I'm all for supporting women, but when listening to Call Her Daddy, please take their advice with a grain of salt.

Image by Maddy McEwen

As someone who truly values and appreciates all forms of entertainment and comedy, I love self-deprecating humor as much as the next person. However, the first time I listened to a snippet of Call Her Daddy I was instantly thrown by the blunt, provocative nature of the show.

If you’ve been living under a rock, Call Her Daddy is a podcast affiliated with the Barstool franchise hosted by Alexandra Cooper. You can follow her and the “daddy gang” along as they discuss relationships, sex, social scenes, and embarrassing moments. Popular with both men and women, the show is seen as revolutionary because it includes women into the conversation of casual sex and hook-up culture.

But I don’t think this show is the game changer people think it is.

Although Call Her Daddy claims to empower women, it ultimately upholds the rigid gender roles and power imbalances encouraged by our heteronormative society.

“I think the main issue with this so-called empowerment is that it’s discussions of sex and dating are grounded in a predominantly male perspective.” Maddy Gaucher, a recent graduate of UConn, stated.

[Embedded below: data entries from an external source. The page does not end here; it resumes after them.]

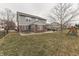 Large, fenced backyard features a concrete patio, mature trees, and ample space for recreation at 5328 Kidwell Cir, Indianapolis, IN 46239
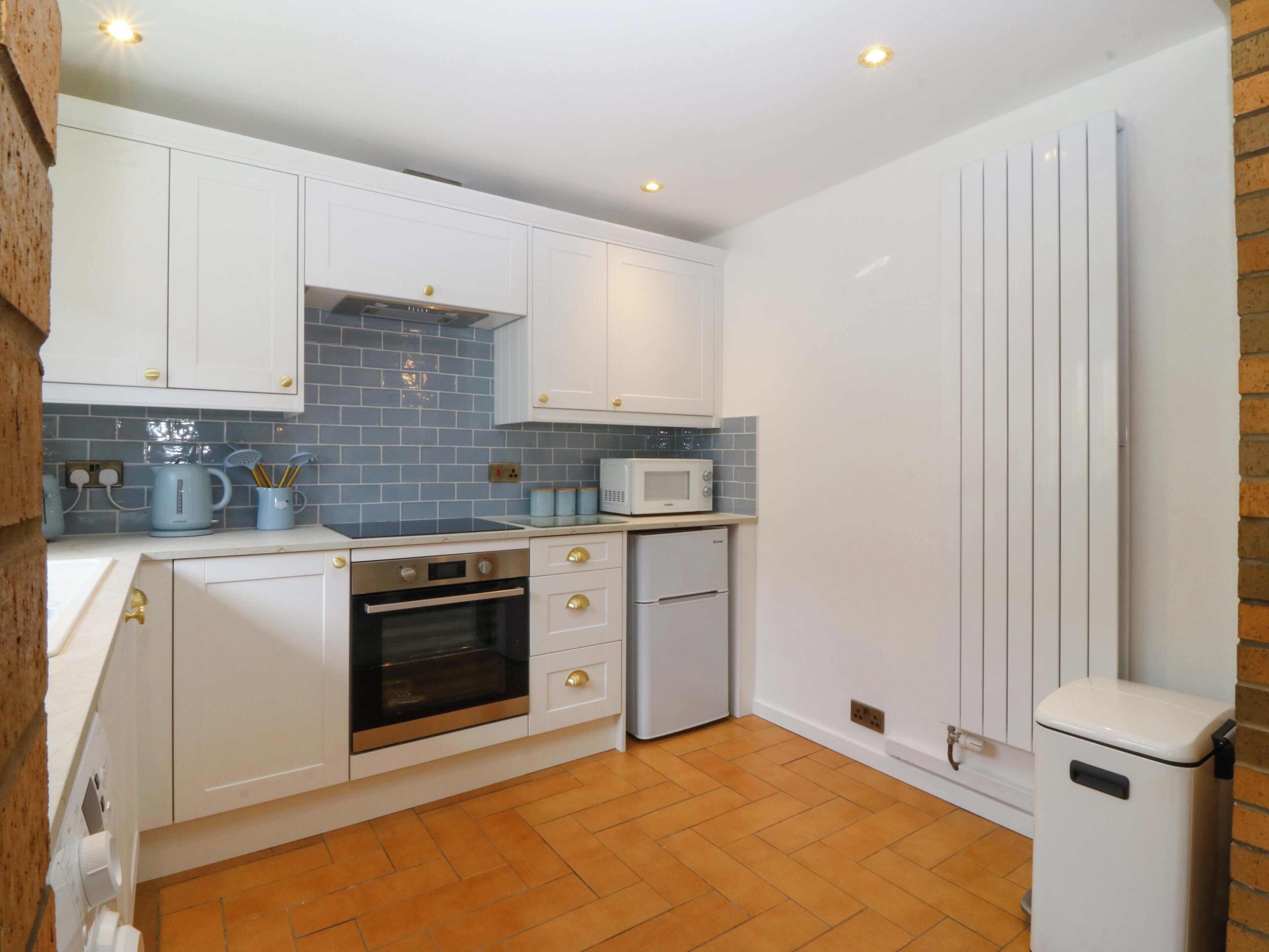 A kitchen with white cabinets, a microwave, an oven, and a refrigerator.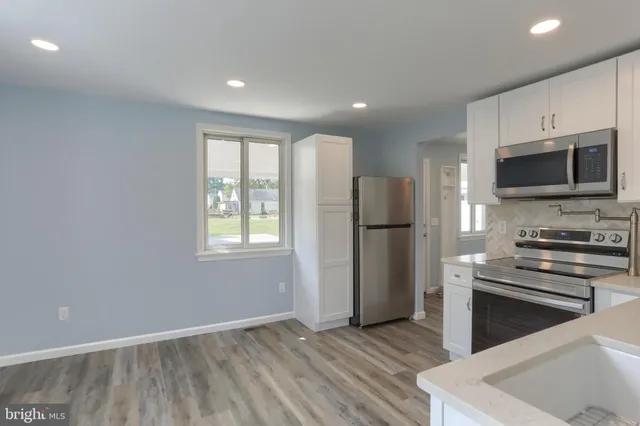 a kitchen with stainless steel appliances a refrigerator stove and microwave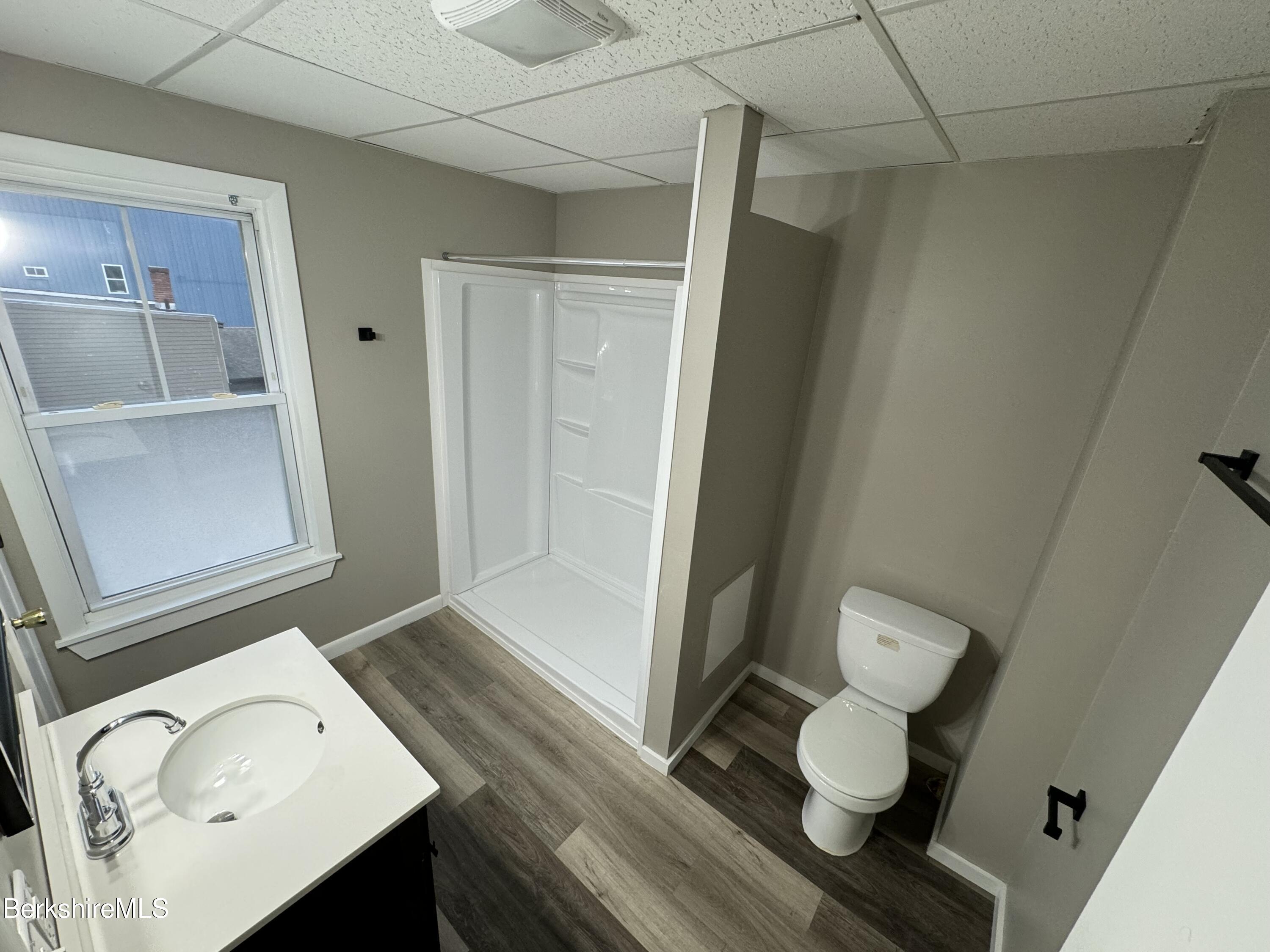 84 Summer Street, Unit B Adams, MA 01220 - Photo 3 of 8 a bathroom with a sink and a mirror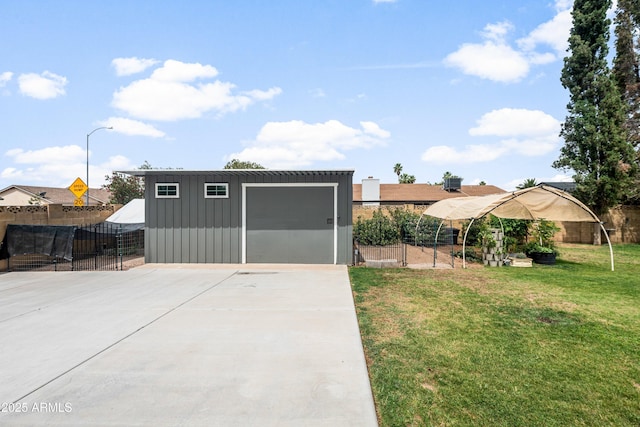 1408 N 62nd Pl, Mesa, AZ 85205 - view of yard with a detached garage, an outdoor structure, and concrete driveway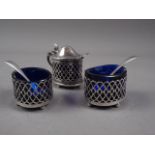 A pair of silver lattice salts with blue glass liners and a matching mustard pot, 1.25oz troy approx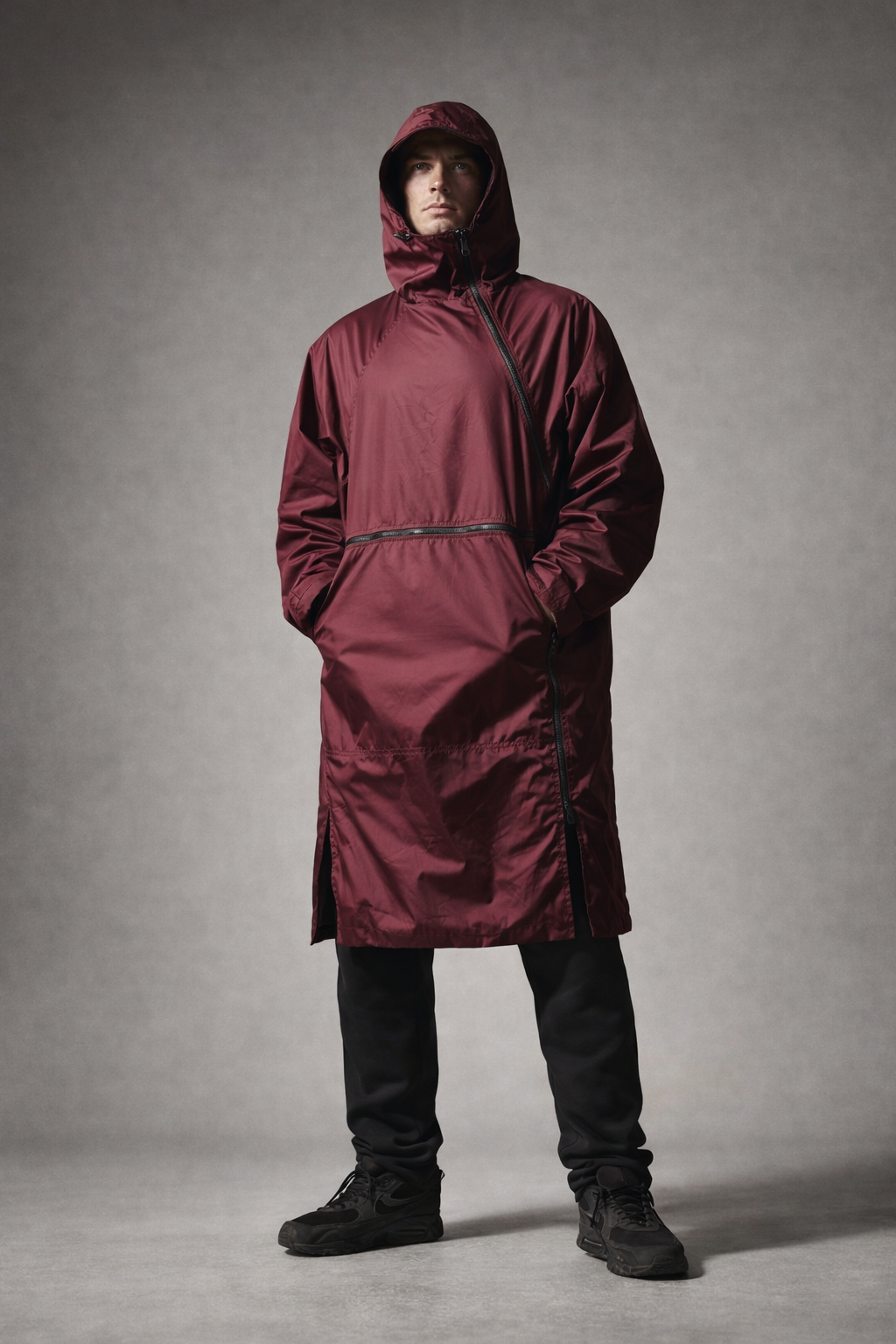 V1 RoamCoat waterproof packable travel coat in burgundy — front view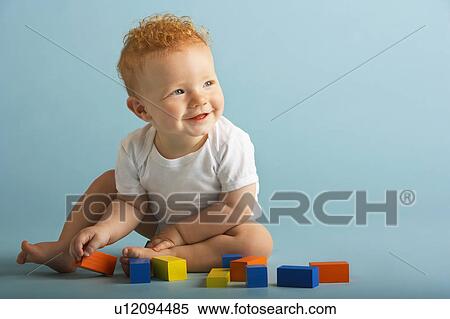 Redheaded Baby Playing With Blocks View Large Photo Image Stock Photography - Redheaded Baby Playing With Blocks. Fotosearch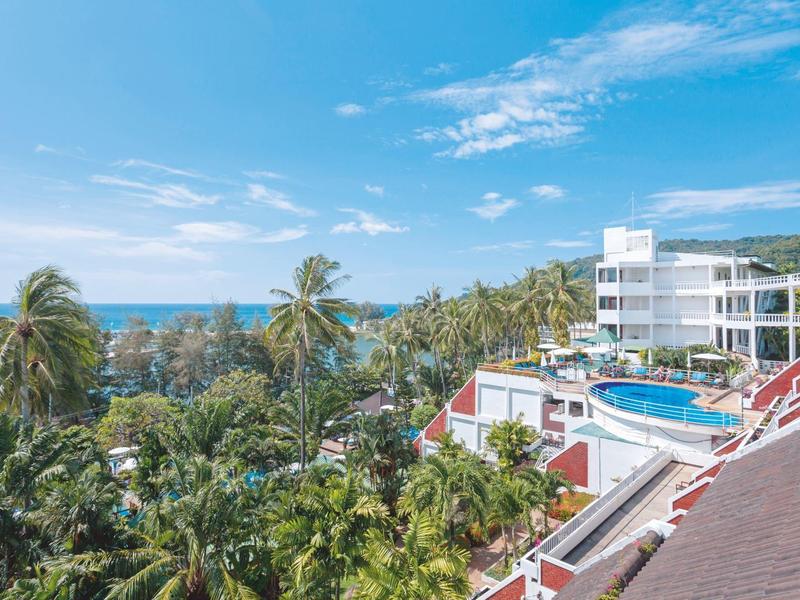 Hotel met zwembad, palmbomen en zeezicht onder blauwe lucht.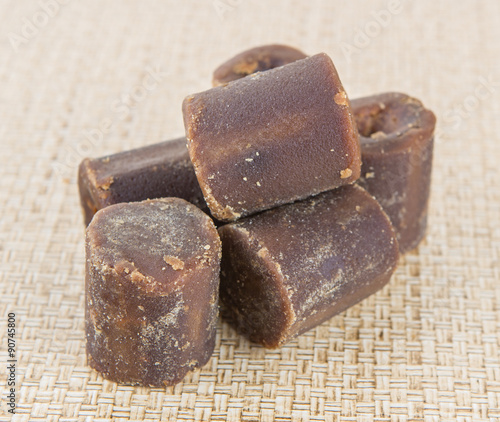 Coconut palm sap sugar or locally know as gula melaka over wicker background 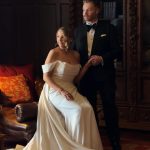 Bride in off-shoulder white gown seated beside groom in black tuxedo in elegant dark interior setting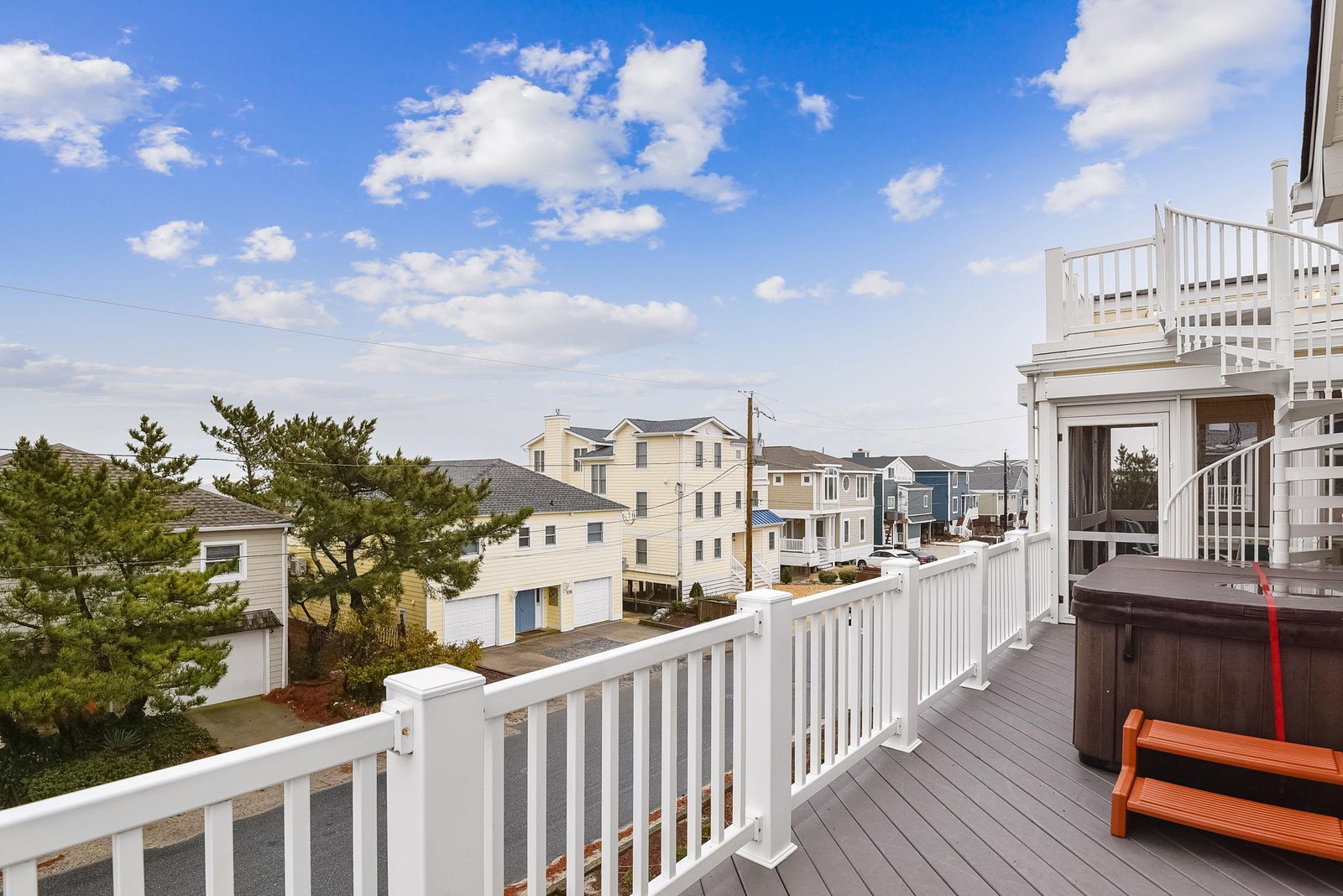 Step out onto your private deck and breathe in the fresh coastal air, where a hot tub awaits and the neighborhood stretches toward the horizon under endless blue skies.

The podcast’s claims of sexual liberation and female empowerment through sex are determined by its narrow definition of what sexual behavior is considered desirable. An ongoing theme throughout this podcast is the notion that women who aren’t turned on by being degraded during sex are inferior and are therefore not desirable. I mean, they literally sell merchandise with the words, “degrade me” slapped across the front.

If I had to describe this podcast in a few words for real, I would say the foundation of the show is based on women convincing other women to learn how to please men in the bedroom at the expense of their own wants and needs, hiding behind the fallacy of feminism.

In one episode, Cooper was even throwing shade on women for spitting and not swallowing during a blowjob. Just because you or I may swallow doesn’t mean it’s for everyone. There are 5.6 billion women on Earth. Some of them are bound to spit, and let’s be honest, do we really blame them?

Promoting sexual empowerment through maintaining one specific standard not only shames women who do not share these same preferences, but pushes them to forgo their own boundaries in order to conform and be seen as desirable to men.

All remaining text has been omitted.